Here is a non-conclusion: after nine years of close observation, researchers still cannot be sure whether the planet is losing its ice caps at an accelerating rate.

That is because the run of data from one satellite is still not long enough to answer the big question: are Greenland and Antarctica melting because of global warming, or just blowing hot before blowing cold again in some long-term natural cycle?

The question is a serious one. If the loss of ice that seems to be happening now is really going to accelerate, then by 2100, mean sea level will rise 43 centimetres higher than the original notional prediction, and hundreds  of millions of people who live on estuaries, deltas, coral atolls and great city river basins face serious losses.

Bert Wouters, a glaciologist at the University of Bristol in the UK and the University of Colorado at Boulder, Colorado, in the US, and colleagues report in Nature Geoscience that their most up-to-date and consistent measuring system, a satellite called Grace, needs to run for a lot longer before there can be a clear answer.

Grace stands for Gravity Recovery and Climate Experiment and it measures changes in mass in the landscape over which it flies, and the biggest variations in mass come from the changes in ice cover.
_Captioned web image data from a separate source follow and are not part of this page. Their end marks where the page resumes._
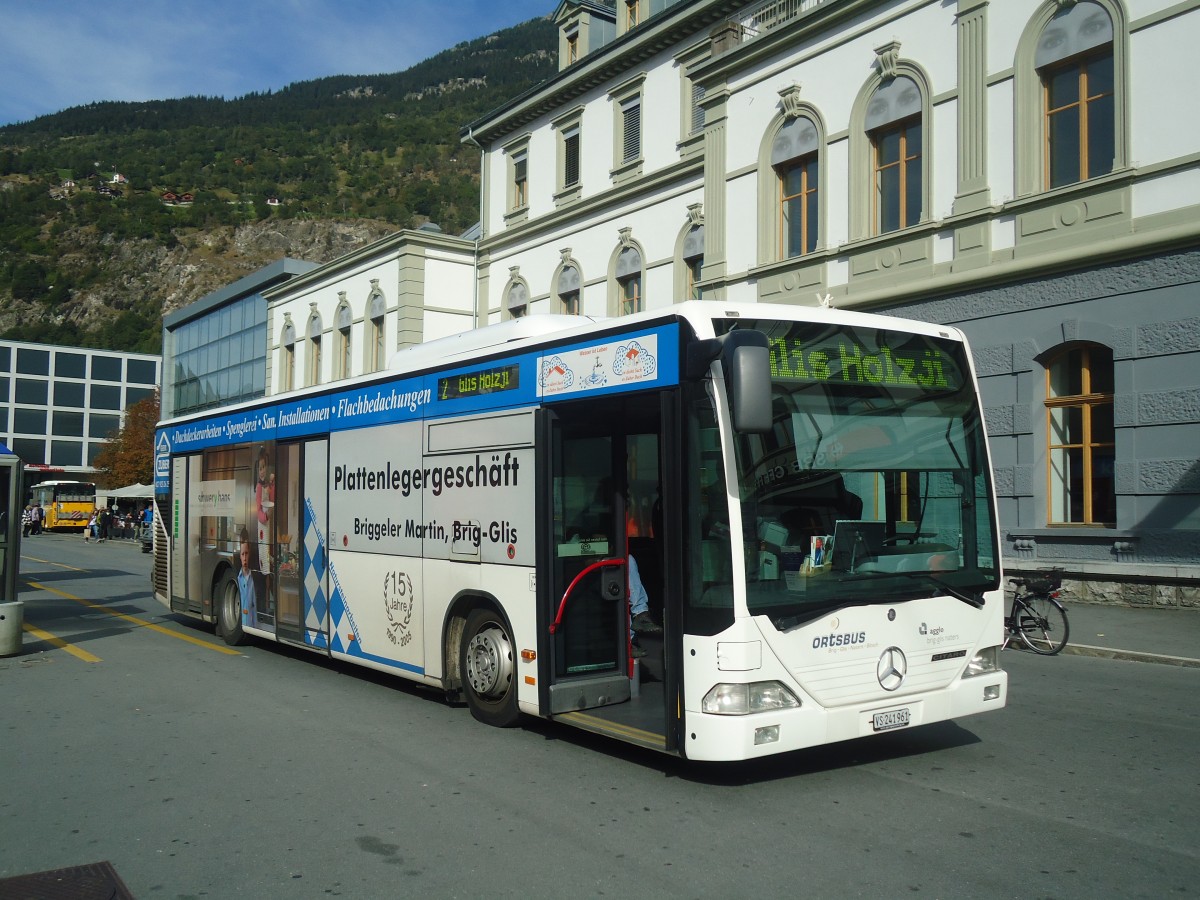 (147'296) - PostAuto Wallis - VS 241'961 - Mercedes am 22. September 2013 beim Bahnhof Brig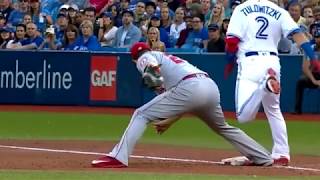 Troy Tulowitzki leave the game with a right ankle sprain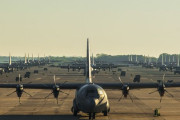 米空軍、C-130シリーズのうち旧型45機を退役させて総数を255機に…92機にアップグレード改修！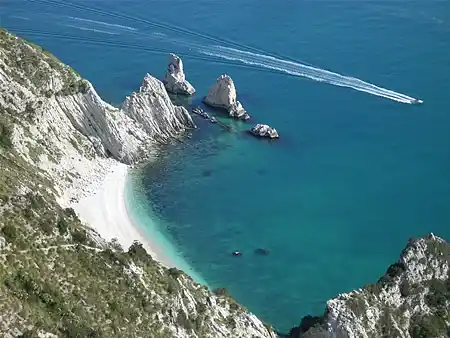 RENTING TAVERN in CONERO RIVIERA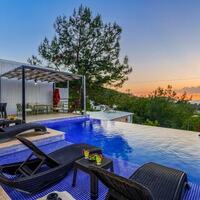 Villa Truva — 9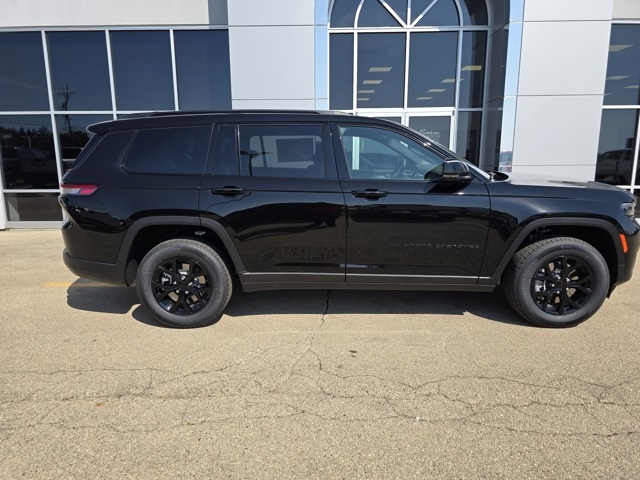 2025 Jeep Grand Cherokee Altitude photo 2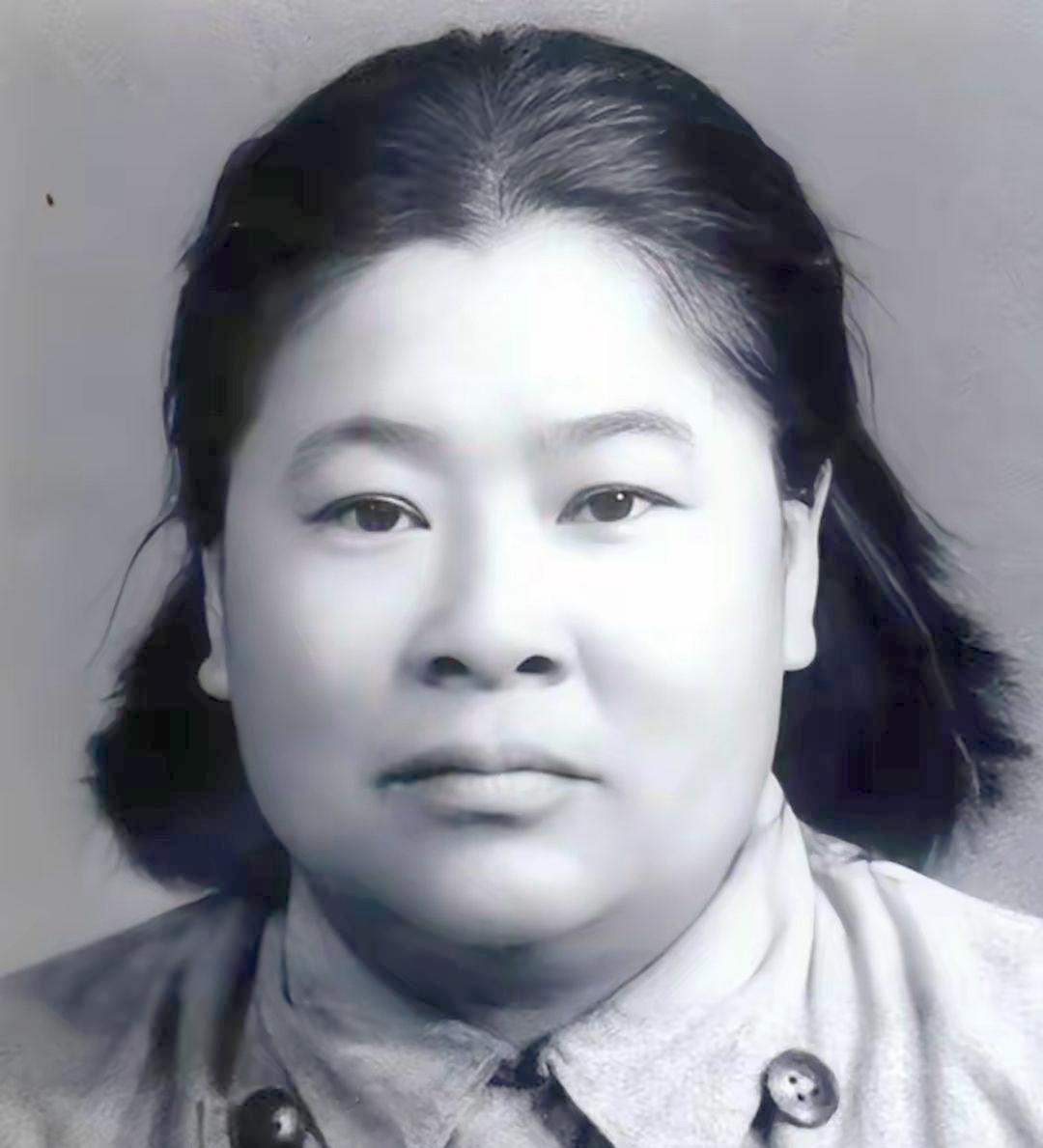 1935年，红四方面军强渡嘉陵江后挺进川北，部队带着伤员、辎重长途行军，弹药和体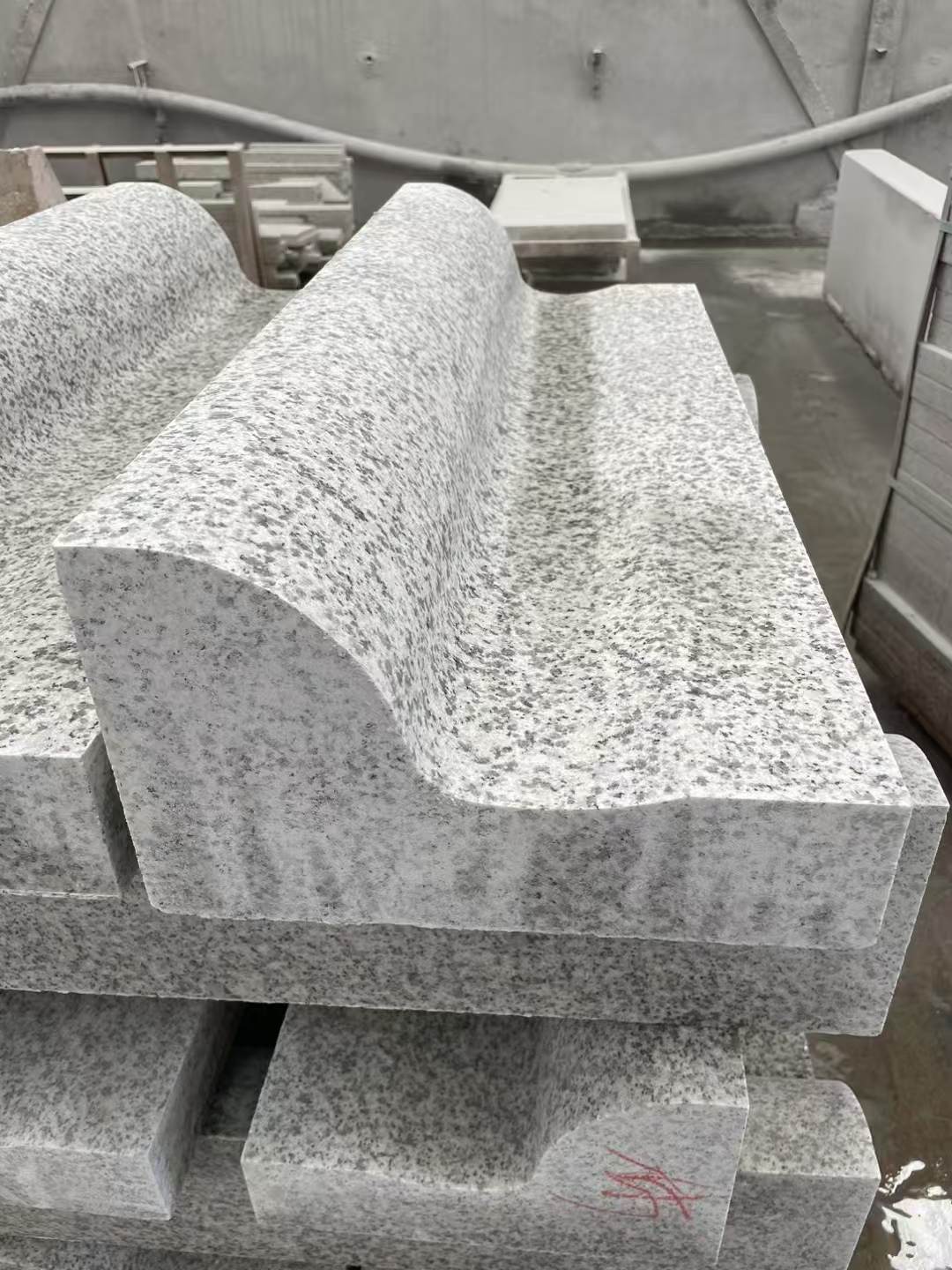 朝阳 白麻花岗岩S型路沿石，路侧石，马路牙子等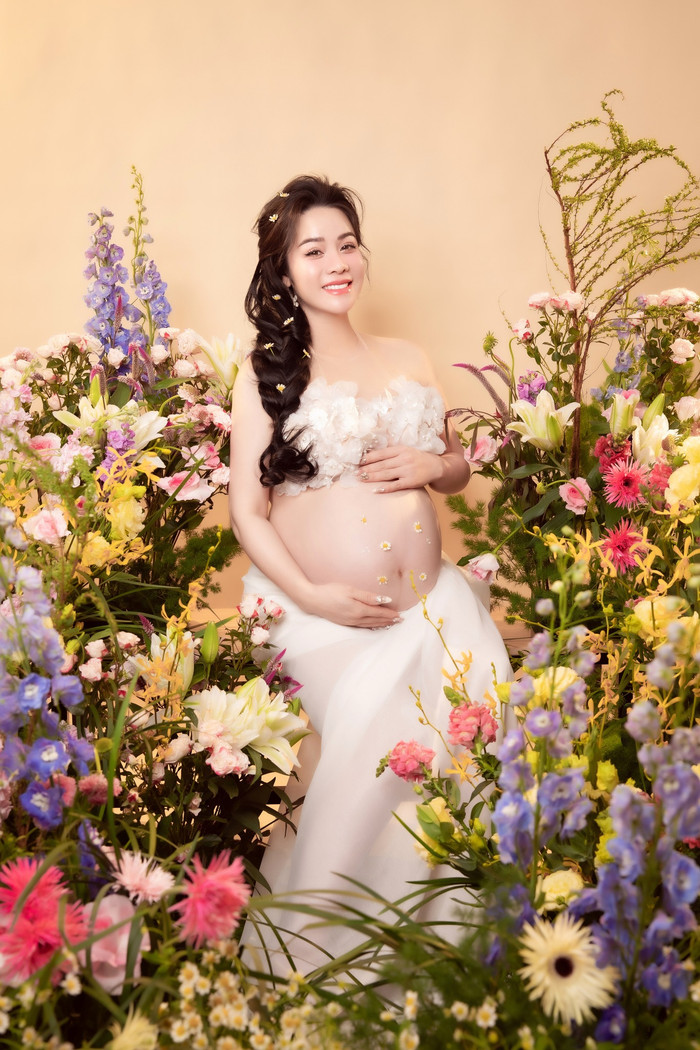 Ở tuổi 39, không chỉ thành công trong sự nghiệp, Nhật Kim Anh còn đang tận hưởng niềm hạnh phúc bên cạnh hai con. (Ảnh: FBNV)
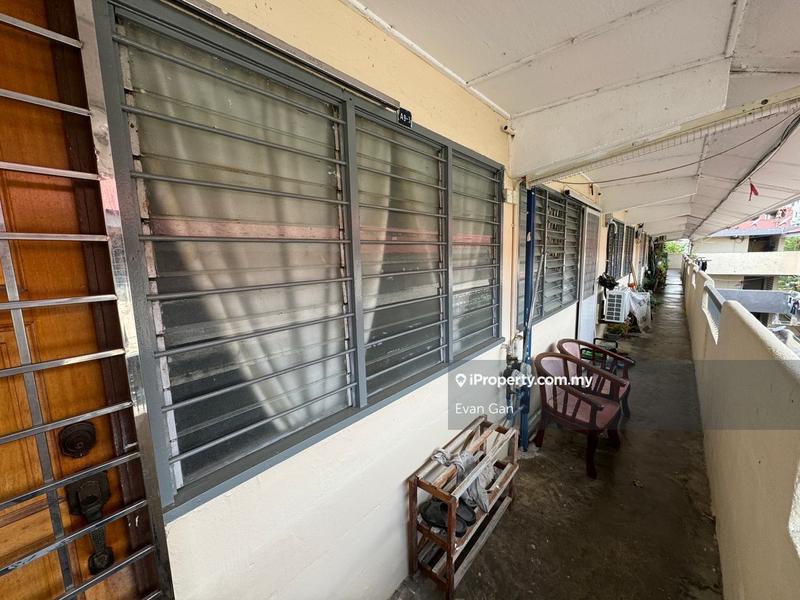 For Sale - Rumah Pangsa Ujong Pasir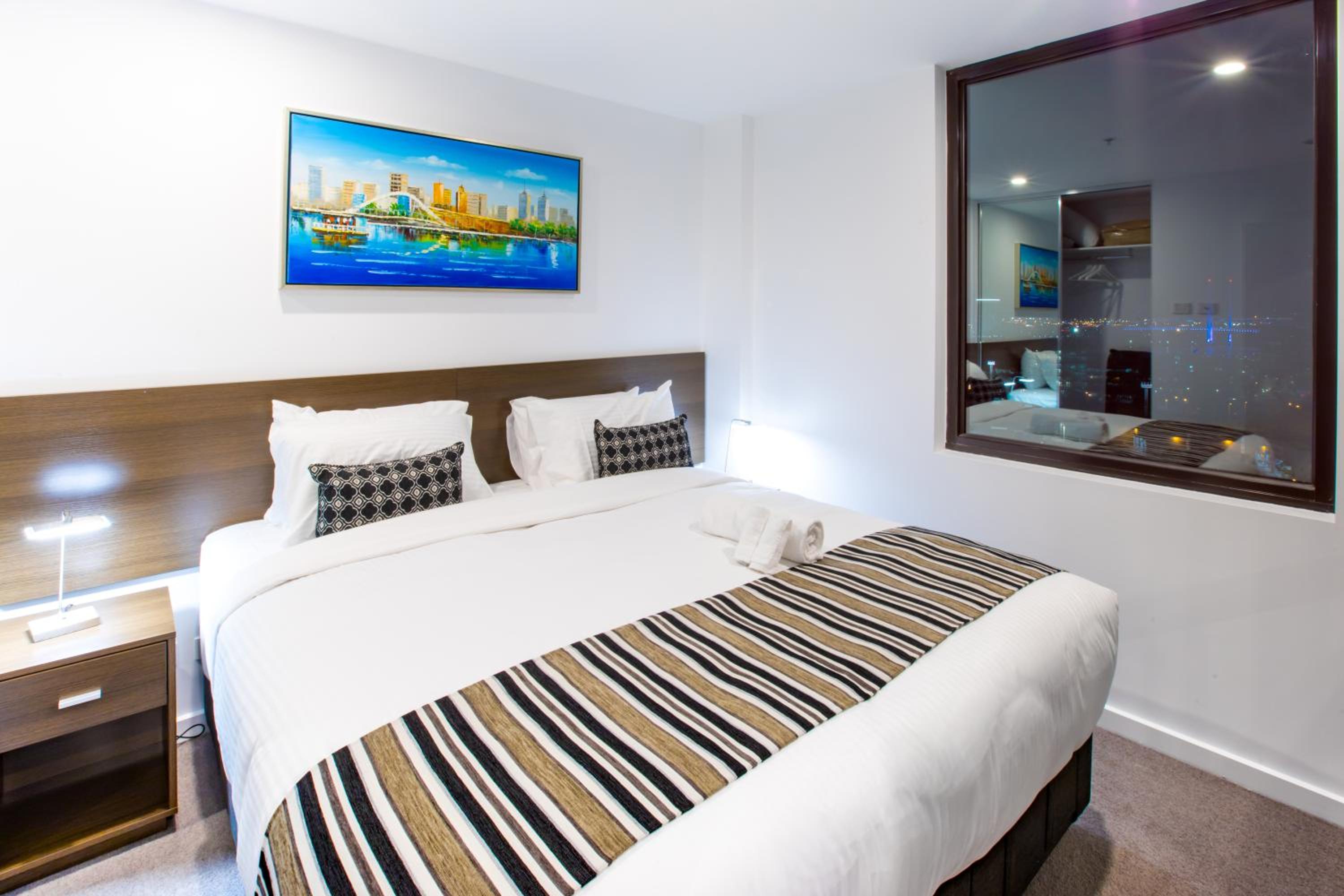 Executive One-Bedroom Apartment with Balcony photo 3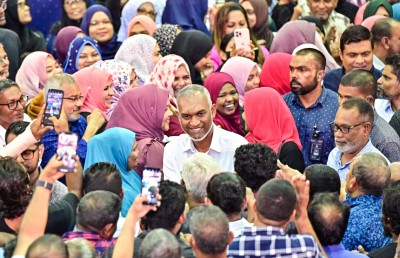 އަޅުގަނޑުގެ މައްޗަށް ހިނގާނީ ރައްޔިތުންގެ ބާރު އެކަނި: މުއިއްޒު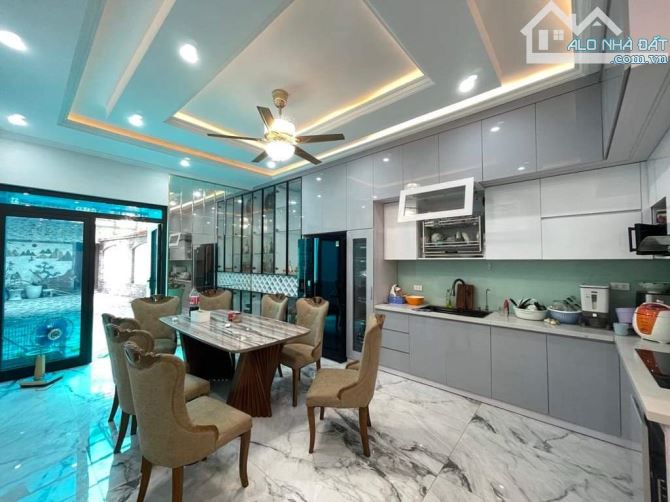 Bán nhà đẹp thang máy ôtô đỗ cửa 175m2 Phố An Dương Vương - 2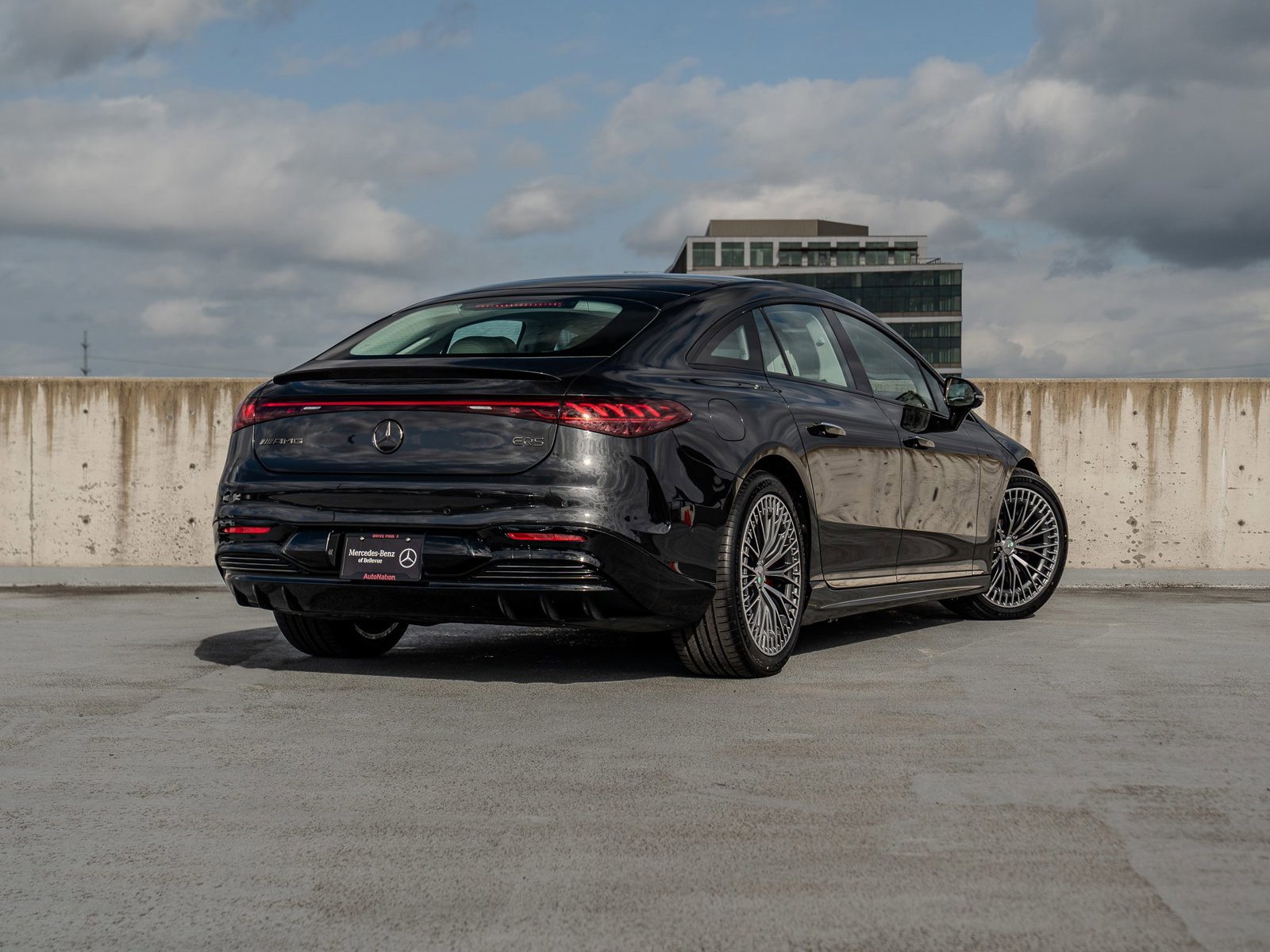 Used 2025 Mercedes-Benz EQS AMG 4MATIC image 4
The main targets of the study are the ice sheets of Greenland and Antarctica because these amount to more than 99% of the planet’s snow and ice, and were these to melt completely, sea levels would rise by 63 metres, with calamitous consequences.

Shared caution

To be sure of detecting an accelerating mass loss of give or take 10 billion tonnes a year per year, the experiment needs at least 10 years for Antarctica and perhaps 20 years for Greenland.

But the results so far are ominous. “It has become apparent that ice sheets are losing substantial amounts of ice – about 300 billion tonnes each year – and the rate at which these losses occur is increasing. Compared to the first few years of the Grace mission, the ice sheets’ contribution to sea level rise has almost doubled in recent years,” said Dr Wouters.

But he is talking, of course, of a consistent finding from one experiment: other research has shown that the melting so far is real enough. The question is: could this just be the consequence of some natural rhythm so far unidentified?

Dr Wouters’ caution is echoed through the glaciological community. “Although ice is lost beyond any doubt, the period is not long enough to state that ice loss is accelerating,” said Wolfgang Rack of the University of Canterbury in New Zealand.

“This is because of the natural variability of the credit process, snowfall, and the debit process, melting, and iceberg calving, which both control the ice sheet balance.”